The advantage of going to the make-up session without my co-parent was the ability to 1) Share breifly how things had changes since attending the workshop and 2) Discuss things I would have been too uncomfortable to discuss while my co-parent was present. On the flip side it was discouraging because there sat another six or seven ADULT couples dealing with the very same issues and I just wonder why this is so hard. It was like “same families, different names”. The issues were so similiar it was almost erie.
Anyway, I did get to bring up the issue of step parent interference which was almost like a taboo subject in the class (at least to me) because it’s such a hot button issue with my co-parent and his wife. Also, I was able to comfortably comment on other people’s issues based on what I had learned previously. That may have been a good or bad thing to the moderators, but to me, it was kind of nice to lend support and encouragement to others, even though my own case still drags on.
All and all, I give the course a 7 out of 10. Starting with a 10 based on the need for the advice being offered and the likelihood that, given the participation of both parents, using the techniques and tools given in the class would improve the co-parent relationship, I offer deductions for the following reasons.
1. At the end of the course, they didn’t collect feedback from us. Even if 90% of the recommendations are not implementable, that 10% could improve the condition of children of two homes.
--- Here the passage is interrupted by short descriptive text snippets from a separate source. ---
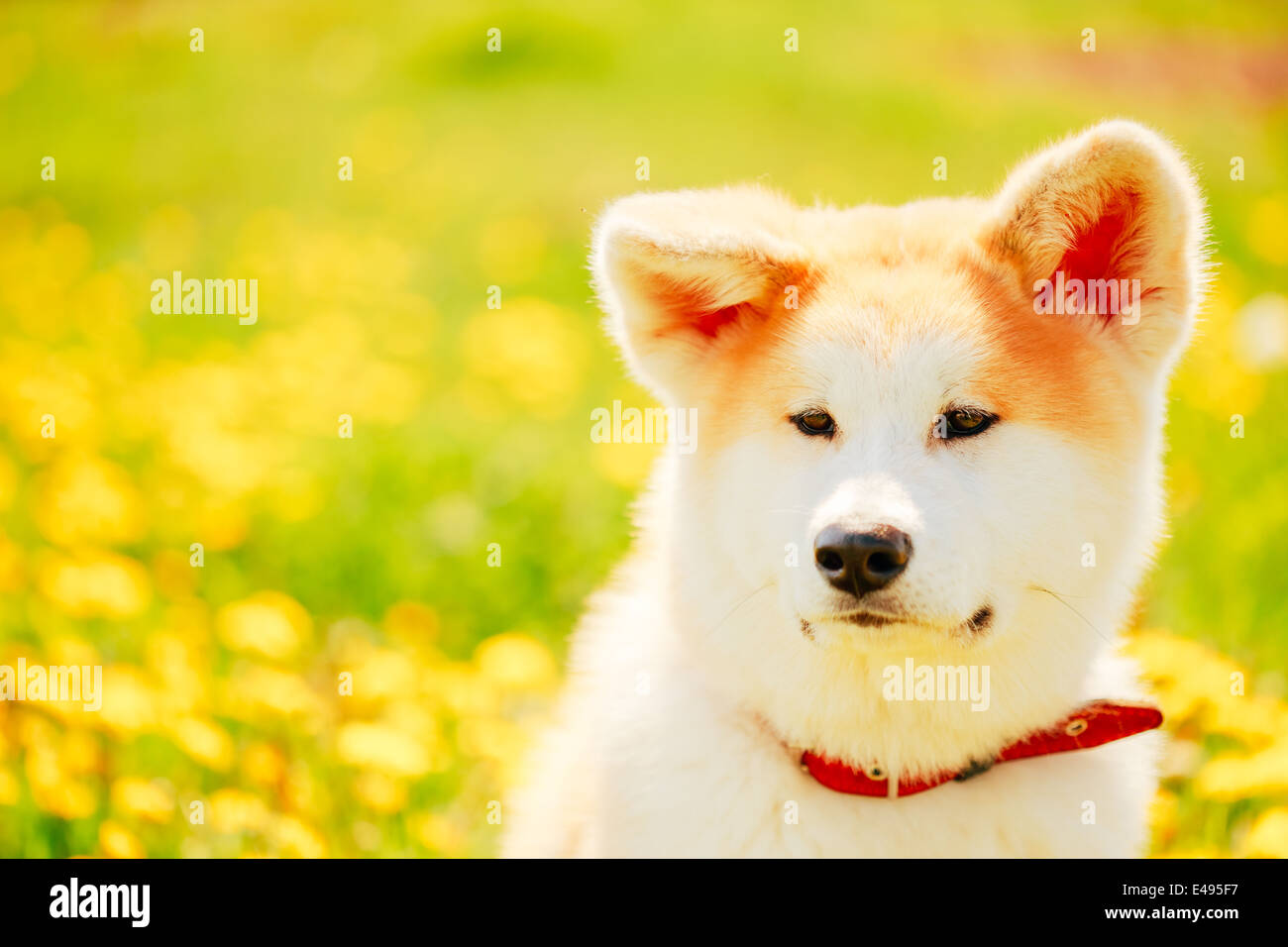 Akita Dog (Akita Inu, Japanese Akita) Puppy Sitting In Green Grass Outdoor Stock Photo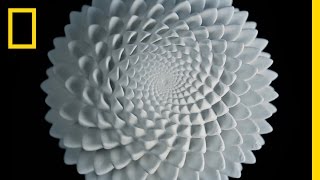 What Makes These Sculptures Look So Perfect? | Short Film Showcase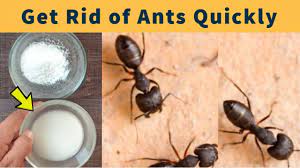 how to get rid of ants in your house fast simplest way to get rid of a get rid of ants rid of ants ants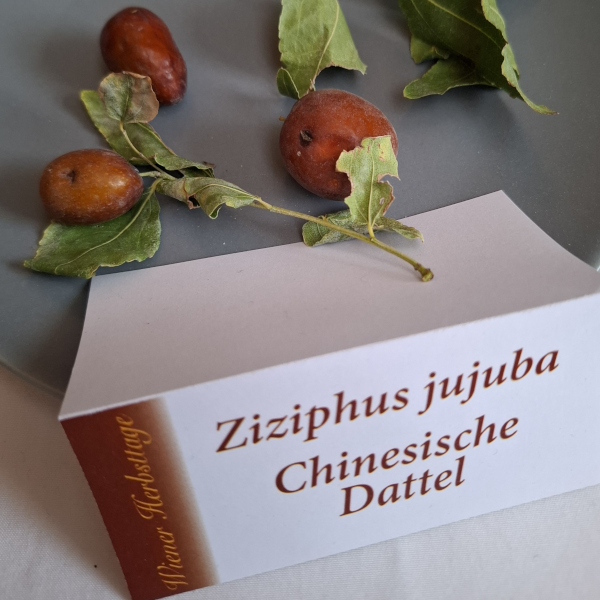 Apfeldattel; Chinesische Dattel; Ziziphus jujuba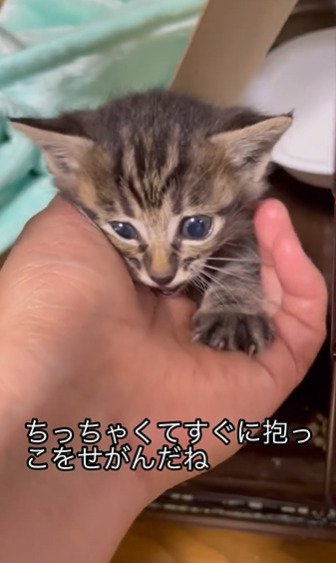手のひらに顔をうずめる子猫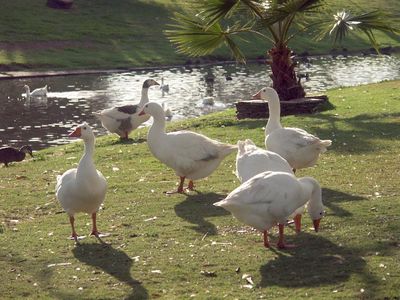 Roma ducks, except that they are mainly geese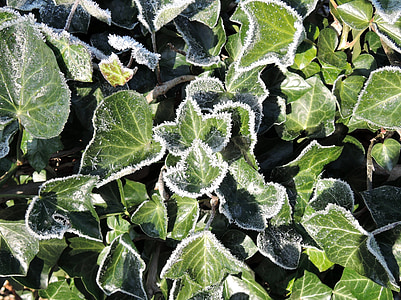 arrière-plan, Lierre, vert, gelée blanche, feuilles, grimpeur, plante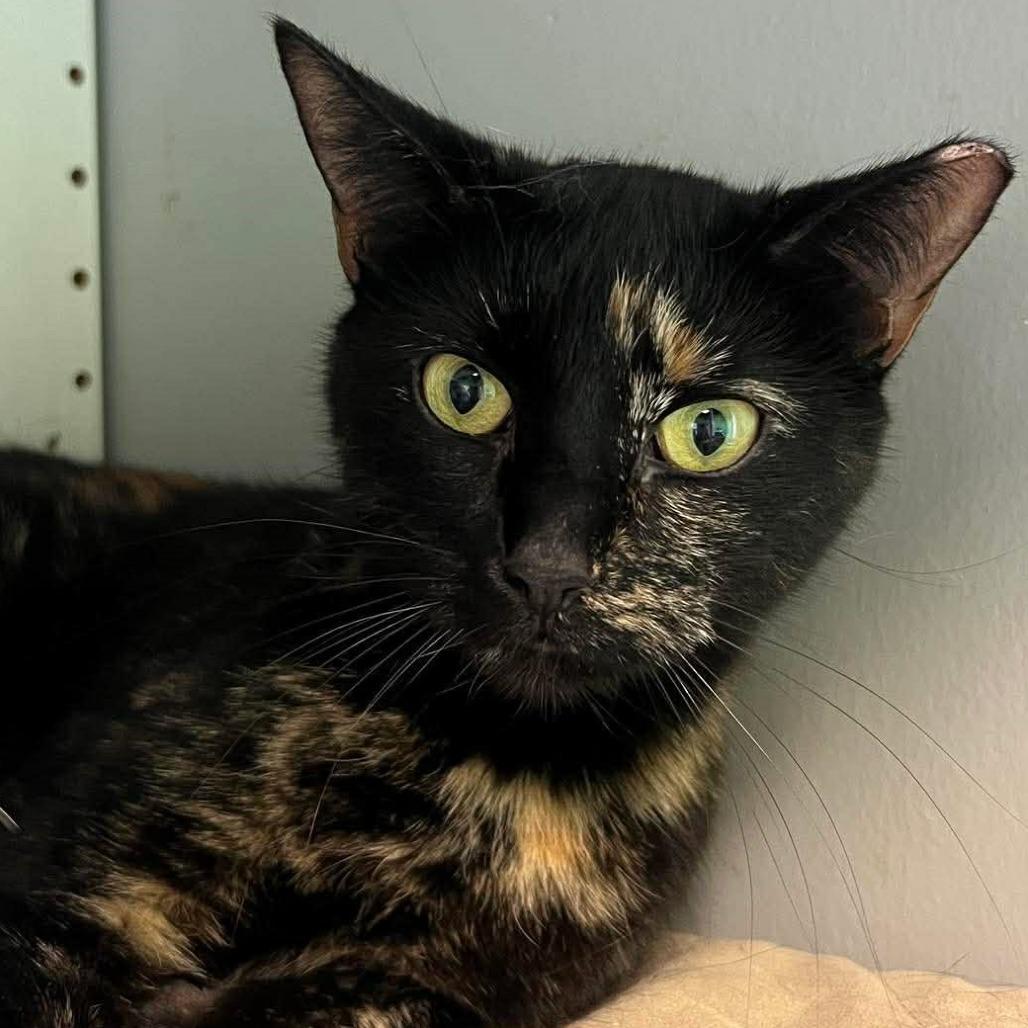 Enlarge Sabrina, a Adoptable Domestic Short Hair in Shawnee, KS image 2/6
2. The class being scheduled during work hours could be catastrophic for some families. As important as this counseling is, it could be used against a partner or ex if the other party knows they are paid hourly (and thus have to take a reduction in pay to attend) or if they are already missing significant work for court, which was the case for me. Offering these courses within the neighborhood where people live, in neighborhood churches or schools, possibly choices during the weekend would be very helpful to some. Also, even though the courses ran well after school and BOTH parents were required to attend together, no childcare was provided. That was a real hardship.
3. I think there really should be some seperation of parents who were never married and those who are divorced – or at a minimum, recognition of the different issues that face those of use trying to raise “booty call babies” with a person who’s still dealing with the resentment of parenting at all. True all the issues that need to be address are only scratched on the surface in this six week course, but still, on many, many occasions, I found that I was a “deer in headlights” as they spoke about issues surrounding loss of marriage and divorce and this didn’t apply to me.
Still, even though I had been through most of the content of the course on my own through other counseling and reading, the effort of the court in providing this workshop is a positive effort and one I believe will benefit some families.
Co-parenting involves both parents working together to best meet the needs of their child. After parental separation, children still need to experience both of their parents as being a secure emotional base. That means, both parents need to be able to provide guidance, encouragement, rules and love to their child. Co-parenting is the best option for children because it is the best way to get their needs met and to ensure their closeness to both parents. Although it may be difficult, the key to co-parenting is to work together with the other parent and focus entirely on the wellbeing of your child. Children should feel that their parents are jointly focused on their wellbeing.